At the get-together, the challenges of a transnational organizational work are immediately considered and addressed: language barriers, country-specific differences of legal and social systems, cross-border commuting to work, isolation in the private home, little or no free time. In such spaces of networking and exchange, the focus is on emancipatory education, mutual support, and forms of cooperation based on solidarity. Private and individual become public, collective, and political. The unorganizable organize themselves and ask: how can we collectively clean, care, nurture and, in doing so, take responsibility for the planet? What would such a world look like?
More:
Thanks a lot to Ana Victoria for your trust and generosity and to Georg for your ongoing hospitality! Thanks to Serena Lee for correcting our English!
Footnotes
1.The term “Austrian majority citizen” (Mehrheitsösterreicher*in) refers to a person who is part of the majority population in Austria, who is White, of Christian background, has German as a first language and holds an Austrian passport.
2.Nina Hoechtl conducted research at the Archivo Ana Victoria Jiménez for her contribution on the artist's work to the exhibition “No Master Territories. Feminist Worldmaking and the Moving Image” at HKW in Berlin in 2022 and the Museum of Modern Art in Warsaw in 2023. SKGAL worked with the Image Archive of the Workers’ Newspaper over the course of three years to develop the two-part installation “HOCH DIE LAPPEN” [“RAISE THE RAGS”] which opened in 2022 at Vorwärtshaus and FLUC in Vienna.
3.After the Art Department of Ibero hosted an exhibition entitled “Mujeres ¿y qué más?: reactivando el archivo de Ana Victoria Jiménez” [Women, And What Else?: Reactivating the Archive of Ana Victoria Jiménez] to celebrate this transfer, it would take until 2019, another eight years, for the Archivo Ana Victoria Jiménez to be shown in an exhibition entitled “Mexican Feminism in Protest: The Photography of Ana Victoria Jiménez” at Wadham College in Oxford. In 2022, the archive was part of the exhibition “¡En la calle y en la historia! 40 años de lucha feminista mexicana” [In the Streets and in History! 40 Years of Mexican Feminist Struggle], curated by Julia Antivilo at the Casa del Lago UNAM. The archive provided crucial materials for the exhibition “Indicios de una revuelta artística feminista” [Signs of a Feminist Artistic Revolt], curated by Fernanda Ramos at the Museo de Arte Moderno, among others.
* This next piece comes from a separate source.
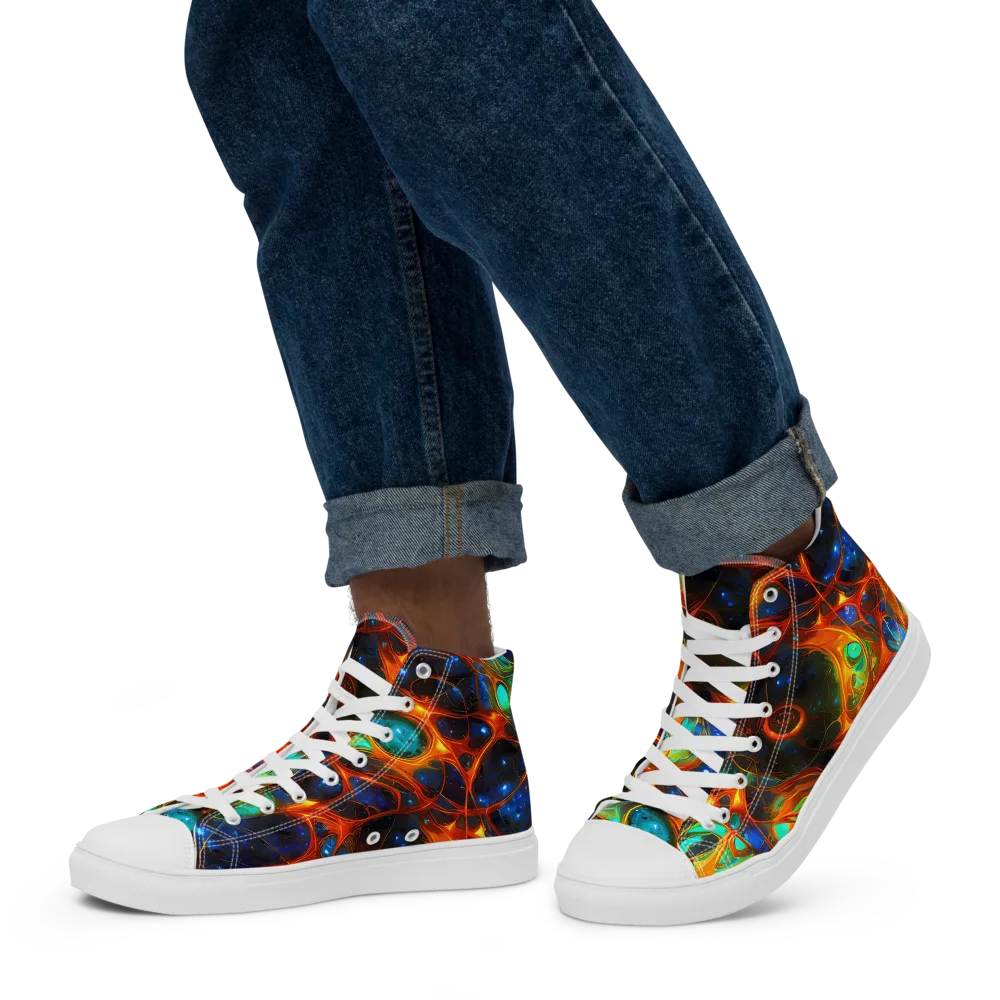 Cobalt Organics on Men's High Top Canvas Shoes — Left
4.In recent years, several scientists have warned of insect extinctions. More than 40% of insect species are declining and a third are endangered. The total mass of insects is falling by a precipitous 2.5% a year, suggesting they could vanish within a century. For more, see Cardoso et al., 2020; Sánchez-Bayo and Wyckhuys, 2019.
5.The group of students consists of Valeria Nefti Aceves Olalde, Edgar Martínez López, Héctor Emanuel Urbina Hernández, and Javier Villegas Jiménez. For more, see Mugs Noticias, “Politécnicos usan Mala Madre para generar energía”. https://www.eluniversal.com.mx/nacion/sociedad/politecnicos-generan-energia-con-la-planta-mala-madre/
6.Parts of the following paragraphs were presented by SKGAL at the panel discussion and film screening “Critical Closeness: A Conversation on Archival Work,“ October 18, 2022 at MUMOK, Vienna.
7.These photographs were activated and edited in our research and installation project entitled HOCH DIE LAPPEN [RAISE THE RAGS], convened in June 2022 at the Vorwärts-Haus and for the Billboards of the Fluc in Vienna. For more, see Instagram: @skgal__
8.Thanks to Ipek Hamzaoglu who was filming and recording the sound and caringly accompanied the whole process!